It’s the Thursday before the college students leave for spring break and Five Points is chilly as packs of them crisscross the busy streets. “We’re going to Jungles!” shrieks a group of girls to a fratted-out SUV with the bass rattling the windows. Forty-one-year old Lisa, a black HIV-positive homeless woman looks on from the shadows of a leafless tree adorned with darkened Christmas lights. She’s dressed in an olive-colored flannel jacket, jeans and boots and wears a black knit Carhartt winter hat pulled down over her eyebrows. And she gets right to the point. “OK, I’m homeless, right? I’m HIV positive,” she says.

”OK, I’m homeless, right? I’m HIV positive”

Lisa is originally from Kansas City, Missouri but it was her boyfriend (“My asshole boyfriend, pardon my French”) who brought her to Columbia. Once in the capital city where friendliness flows, he beat her. And then he left her on the street. That was a year ago and she’s been out here ever since. Even on less-than-warm nights like this one shortly after 11 p.m. closing in on the Ides of March as she watches the bar crowd just start to get rowdy.

Since she’s been in Columbia she met another man and it was the same sad story all over again. “A lot of people ask, ‘Well how did I contract HIV?’” she says. “I contracted it by being careless, OK?” She’s not talking about sharing needles or other drugs, though, she got it the way most people get it: “I slept around with the wrong person.” That was two years ago and it may explain the runny nose. The nutrition of a homeless diet doesn’t exactly boost the immune system.

Living on the streets of Columbia is “not good,” she says. “Especially for a female.” When she starts to cite examples for a statement where really none are needed, her eyes begin to resemble her nose. And there goes that sleeve again. Scraping. Scraping against her face.

“I almost got attacked one time,” she says and her words trail off as she breaks eye contact to wipe them. “At the place I sleep at sometimes.”

She won’t say exactly where the place she sleeps is but it’s not a shelter. She knows she could use them but, like most of the homeless people who’ve appeared in this column, Lisa says she doesn’t like being around a lot of people.

“There ain’t nothing really…nothing against it. I just don’t like a crowd of people.” Unlike a lot of the homeless folks who have appeared in this column, though, Lisa says she doesn’t do drugs.

“I smoke a hell of a lot of cigarettes though,” she says. “I smoke the hell out of them.” Lisa thinks if the city could get the “drug population” under control it would decrease a lot of homelessness in the area.
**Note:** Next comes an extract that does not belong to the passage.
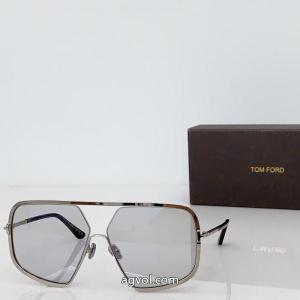 好印象をゲット セレブ愛用 精製加工TOM FORDブランド 通販 激安サングラス..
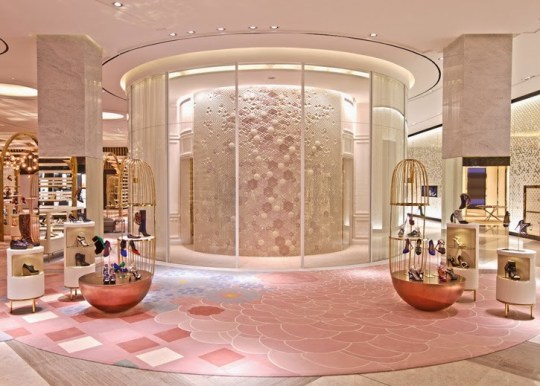 Level-Shoe-District1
How exactly they would go about doing that though, she says is a “good question.”

While Lisa is out here telling her story, trying to get a few bucks for something to eat on this big Thirsty Thursday, not only does she have more prospects but more competition– a panhandler’s law of diminishing returns. Just up the block a man who says he works in the Russell House at USC is asking passersby for “Just a couple dollars” to get home. No doubt the concrete wall outside the College Mart is getting ready to fill up like a “gimee gauntlet.”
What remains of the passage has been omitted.